Are you in your lane?

stay in your laneThis weekend we drove to Bakersfield to visit my mother-in-law. Long, long holiday weekend drive. You know the kind. Crazy insane traffic, people everywhere, cars everywhere. At some point you just want to tell someone to stay in their lane. To relax, I like to listen to podcasts. I’ve recently started listening to Oprah’s Super Soul podcasts, love them, and one of many I played on that drive was Oprah talking to Joel Olsteen.

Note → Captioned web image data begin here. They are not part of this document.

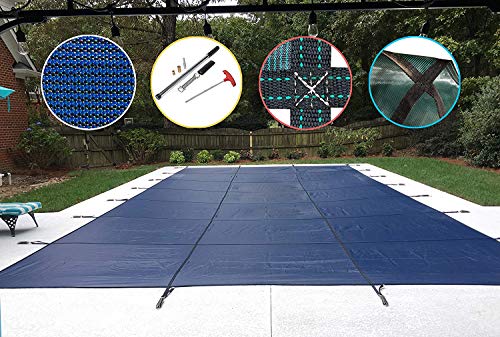 WaterWarden Premium Pool Safety Cover 30’ x 50’ Blue Mesh
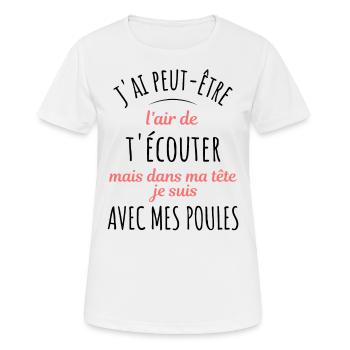 Poules Cadeau Humour Potager Citation Jardin Drôle - T-shirt respirant Femme - blanc - Devant - AI Model Female 172 dark (172cm)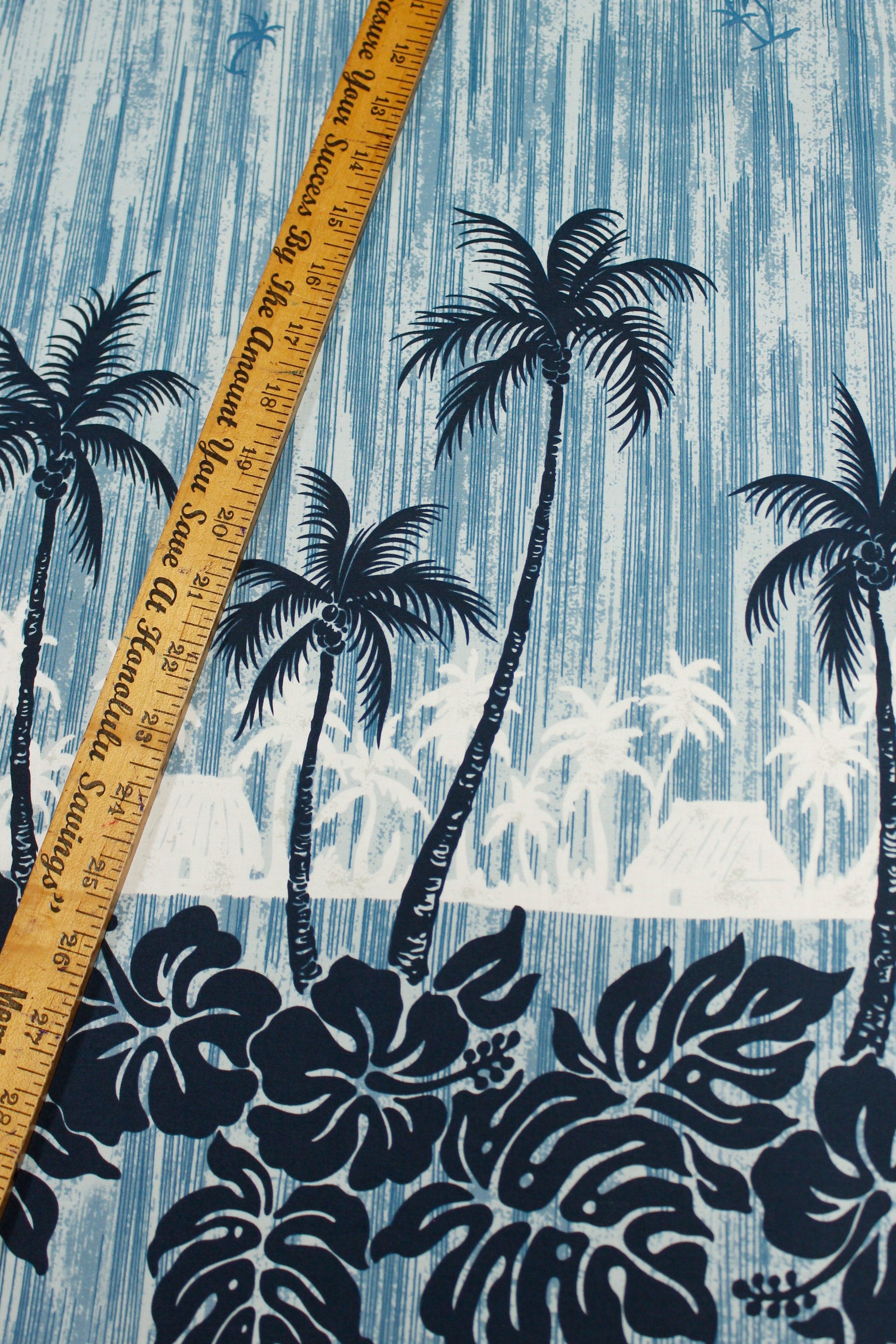 1 Yard of Tropical Fabric Palm Trees Aqua top Blue 100% Cotton Barkcloth Island Polynesia Hawaii Rarotonga Tahiti Upholstery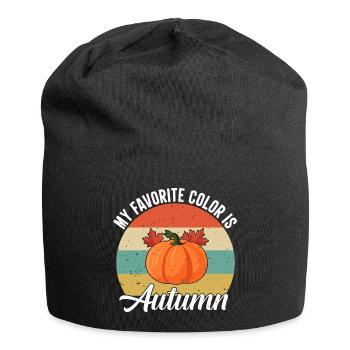 Herbst - Jersey-Beanie - Schwarz - Vorne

Now, I’m not a regular listener of Joel Olsteen, but their conversation was interesting on many levels, and one area that struck me was discussion about staying in your lane. Appropriate for what we were experiencing in that moment! Joel talked about Hebrews 12:1 “…Let us run with endurance the race that is set before us.” Doing that requires that we stay in our lane. Our lane.

That begs the question. Do you know your lane? Because it’s hard to run your race well if you don’t even know what your lane is or maybe even the race you’re in. Or if you’re always looking into someone else’s lane thinking it might be better. Strike a chord? It did for me.

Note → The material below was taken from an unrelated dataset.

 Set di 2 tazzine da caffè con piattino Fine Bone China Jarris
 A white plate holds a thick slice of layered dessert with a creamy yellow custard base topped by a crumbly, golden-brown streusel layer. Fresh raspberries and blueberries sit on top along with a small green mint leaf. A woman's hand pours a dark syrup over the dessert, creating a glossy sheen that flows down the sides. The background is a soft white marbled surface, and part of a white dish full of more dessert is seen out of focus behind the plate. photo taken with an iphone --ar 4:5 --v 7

For a lot of my life, I believe I’ve been running someone else’s race, without really being clear on what race it was. That’s what happens when you try to live your life trying to meet someone else’s expectations. And you might think you know what the other person’s expectations are, but chances are you really don’t. In my case, the expectations I’d chosen to believe, and probably had enhanced in my mind, were impossible to reach, and worse yet, they probably weren’t even legit.

All trying to meet someone else’s expectations is going to do is leave you empty. Aching. Knowing that there is more you’re being called to do, but not knowing how to break out from the wrong lane you’re in to get there. I know, I’ve been there. I was in the wrong lane for so long, and in reality, I wasn’t that far off track, but off enough to feel the ache. Enough to know that there was more that God was calling me to do. It looks like unhappiness, it feels a little like depression, life feels flat.

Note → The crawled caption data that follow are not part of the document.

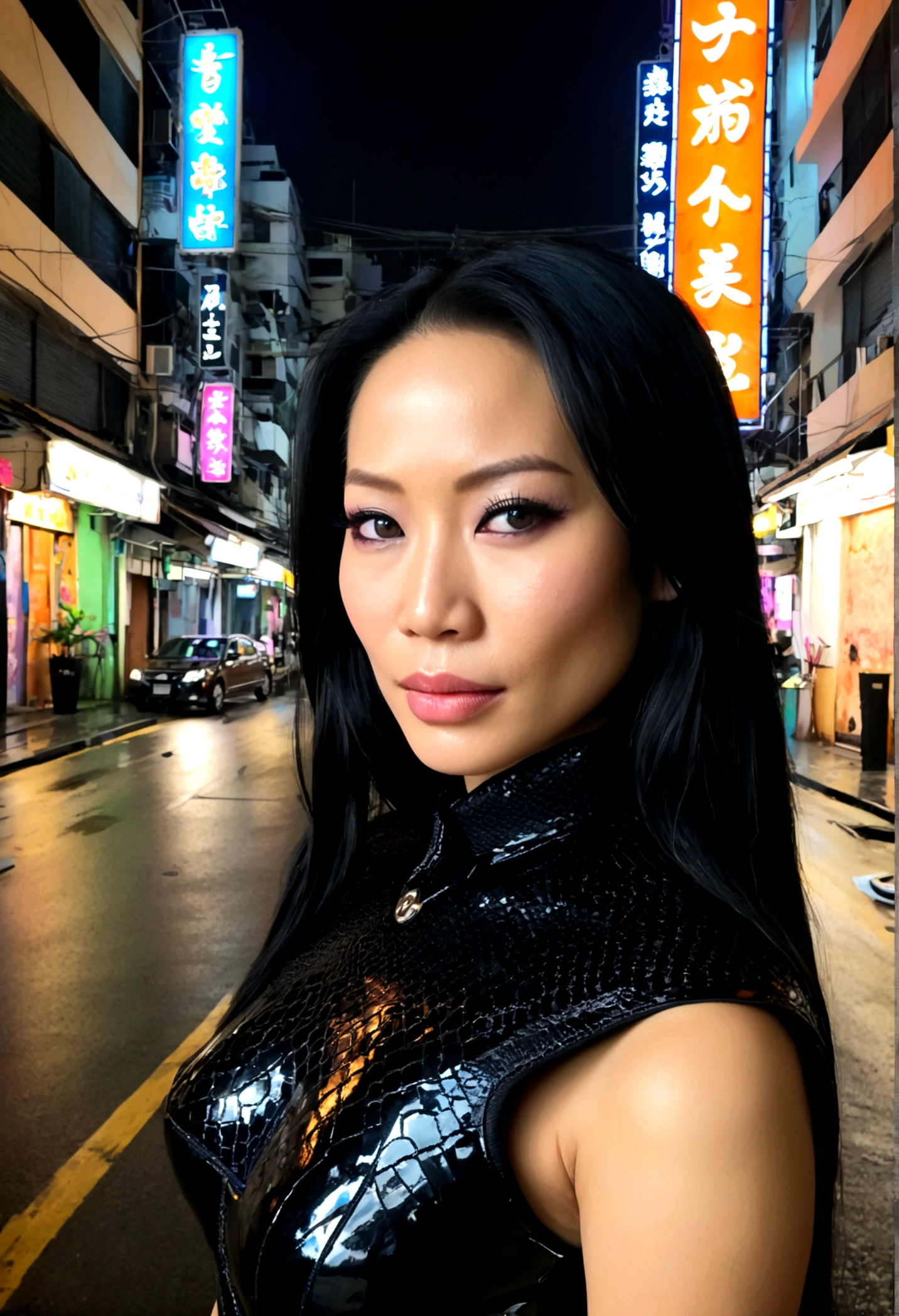 a 25 year old Lucy Liu, beautiful detailed eyes, beautiful detailed lips, extremely detailed eyes and face, long eyelashes, undercover cop, walking the streets of Bangkok at night, checking the conditions of the working girls, provocative outfit, cinematic lighting, cyberpunk, neon lights, rainy night, gritty atmosphere, hyper-detailed, photorealistic, 4k, best quality, masterpiece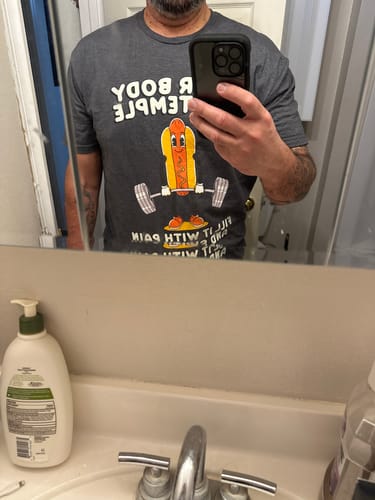 Customer photo review of Your Body Is a Temple T-Shirt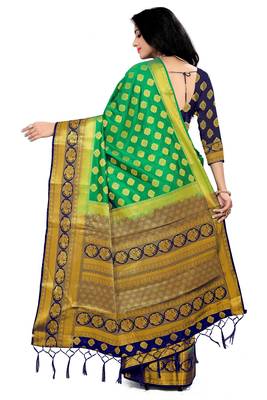 Woven Banarasi Silk Blend, Cotton Silk green color chokda pattern Saree with blouse 3
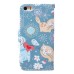 Fashion Colorful Drawing Printed Cute Blue Cat PU Leather Flip Wallet Stand Case With Card Slots For iPhone 5 / 5s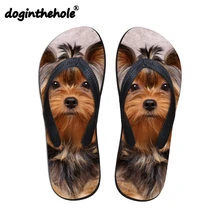 Doginthehole спортивные сандалии летние женские шлепанцы милый Йоркширский терьер Узор Сандалии Женская пляжная обувь тапочки для девочек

And I searched, mainly within myself. I looked deep inside at my beliefs. At what was holding me back. I questioned a lot of things in my life. A spiral…so many false beliefs …assumptions…based on what I thought I should be doing, or what I thought other people wanted me to do. Things I believed, and when I finally realized they weren’t true, that I didn’t have to feel restricted by them anymore…well then what??

That’s when I found my lane. Stepped into the me that I was created to be. And all my wiring finally started coming together. I remember feeling like I was stepping into my life, into confidence in how I was created and what I was supposed to be doing. It wasn’t exactly what I thought, because that’s other thing. Sometimes we think we want to be in a particular lane and it’s not where we belong. We can force it, muscle it, but only for a while. But when it’s wrong it will exhaust you.

What about you? Whose lane are you in, yours’ or someone else’s? If you want to run your race, get into your lane! Don’t think the person next to you has a better lane, more glamorous lane. Know that your race is just that, it’s your race, unique, and specially created for you. Only you and God know what that race is supposed to be. When you find it, or if you’ve already found it, you’ll know that it is an amazing place to be. Life clicks. You have to be brave to get there, to stay there. I did, it’s still a journey, but I’m staying in my lane while I do it. I hope you’ll join me.